Segment Start: Listed entries
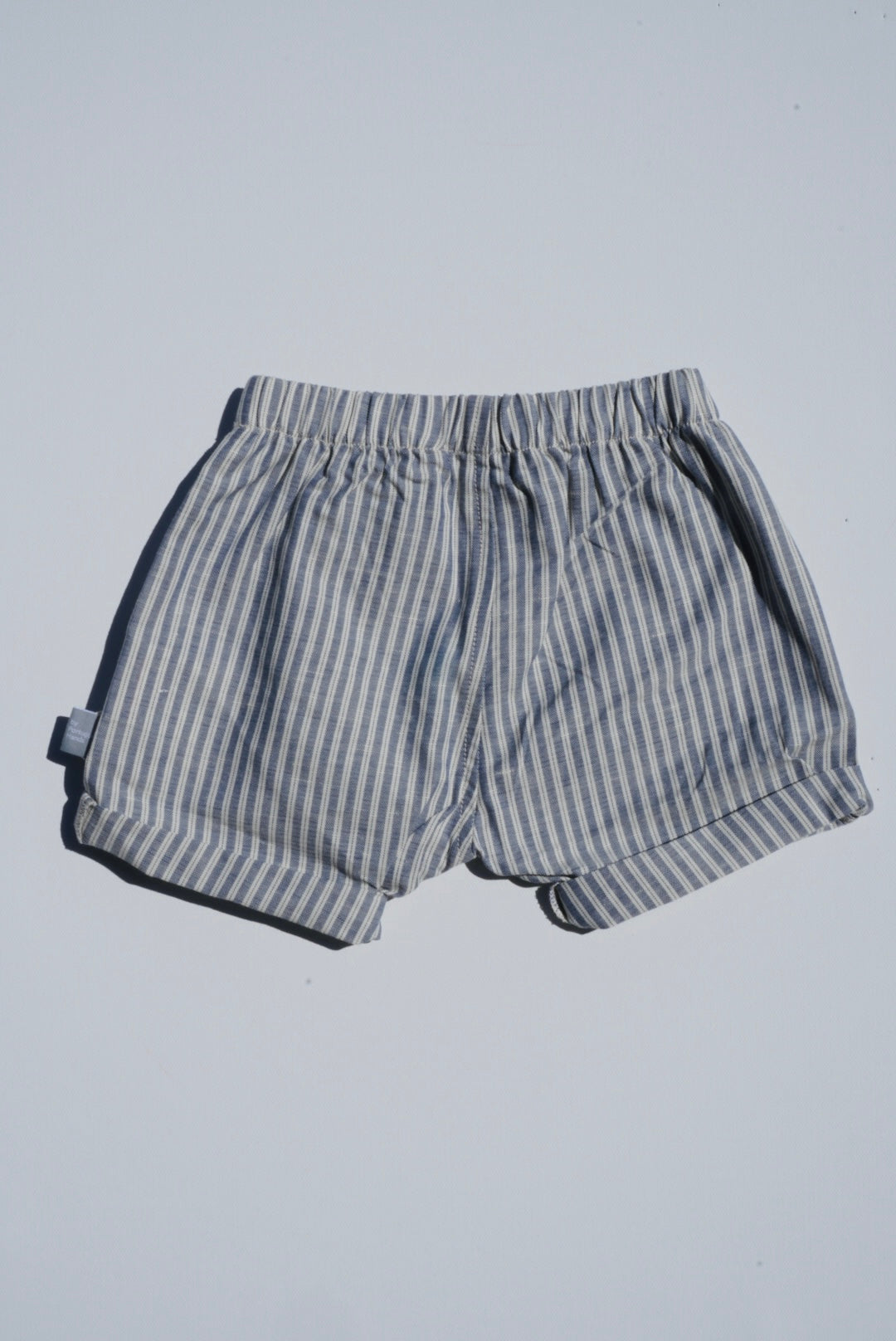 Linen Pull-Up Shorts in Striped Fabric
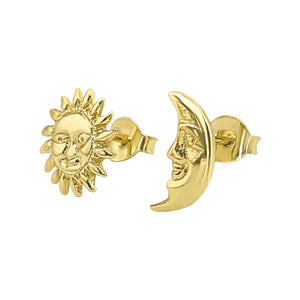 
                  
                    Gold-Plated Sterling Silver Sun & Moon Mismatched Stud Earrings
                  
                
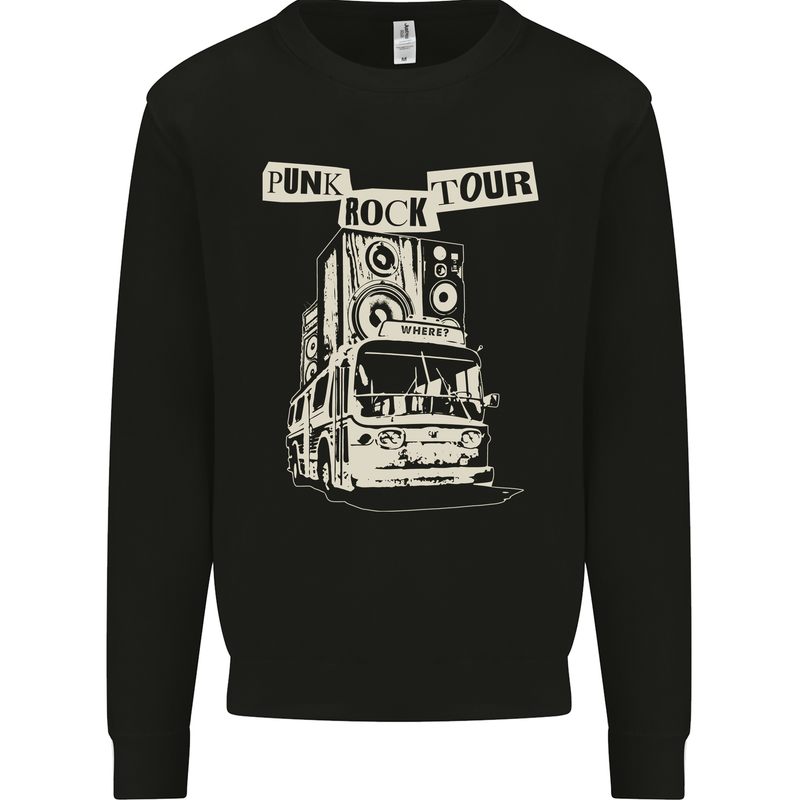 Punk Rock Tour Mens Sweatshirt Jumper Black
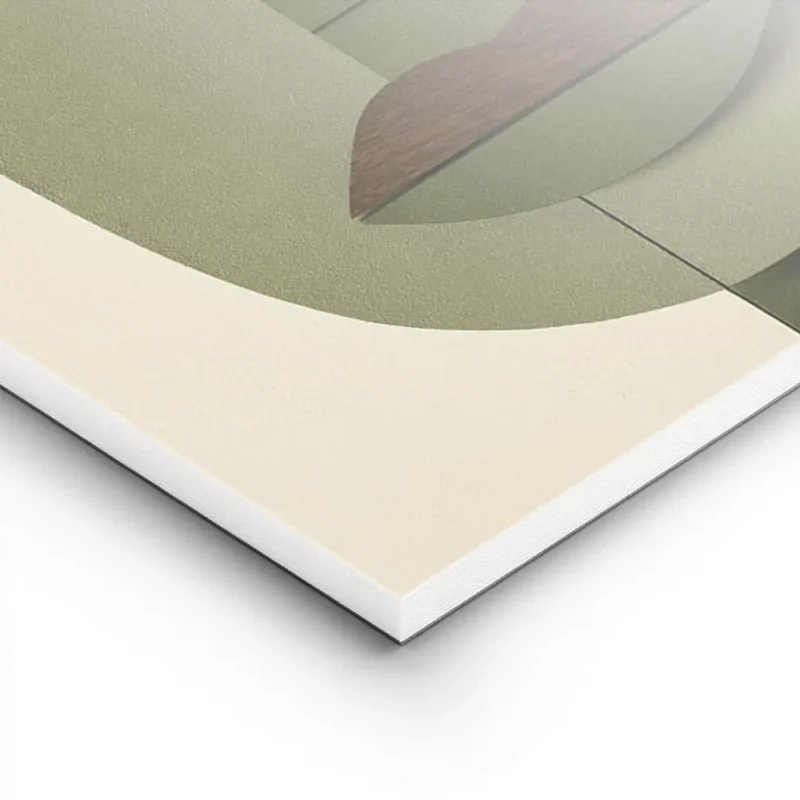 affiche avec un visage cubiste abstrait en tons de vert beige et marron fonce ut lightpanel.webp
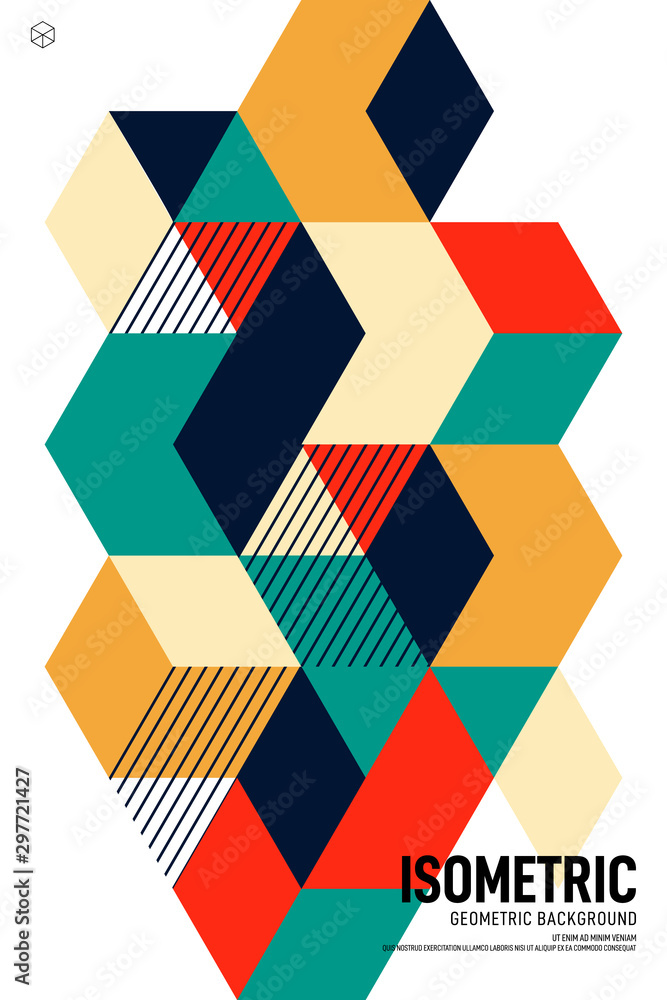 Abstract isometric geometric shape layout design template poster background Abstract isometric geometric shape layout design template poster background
Segment End: Listed entries
• _Activity_
Where an entry holds a picture, drop it and transcribe everything else exactly.

• _Exercise answer_
 Linen Pull-Up Shorts in Striped Fabric
                  
                    Gold-Plated Sterling Silver Sun & Moon Mismatched Stud Earrings
                  
                
 Punk Rock Tour Mens Sweatshirt Jumper Black
 affiche avec un visage cubiste abstrait en tons de vert beige et marron fonce ut lightpanel.webp
 Abstract isometric geometric shape layout design template poster background Abstract isometric geometric shape layout design template poster background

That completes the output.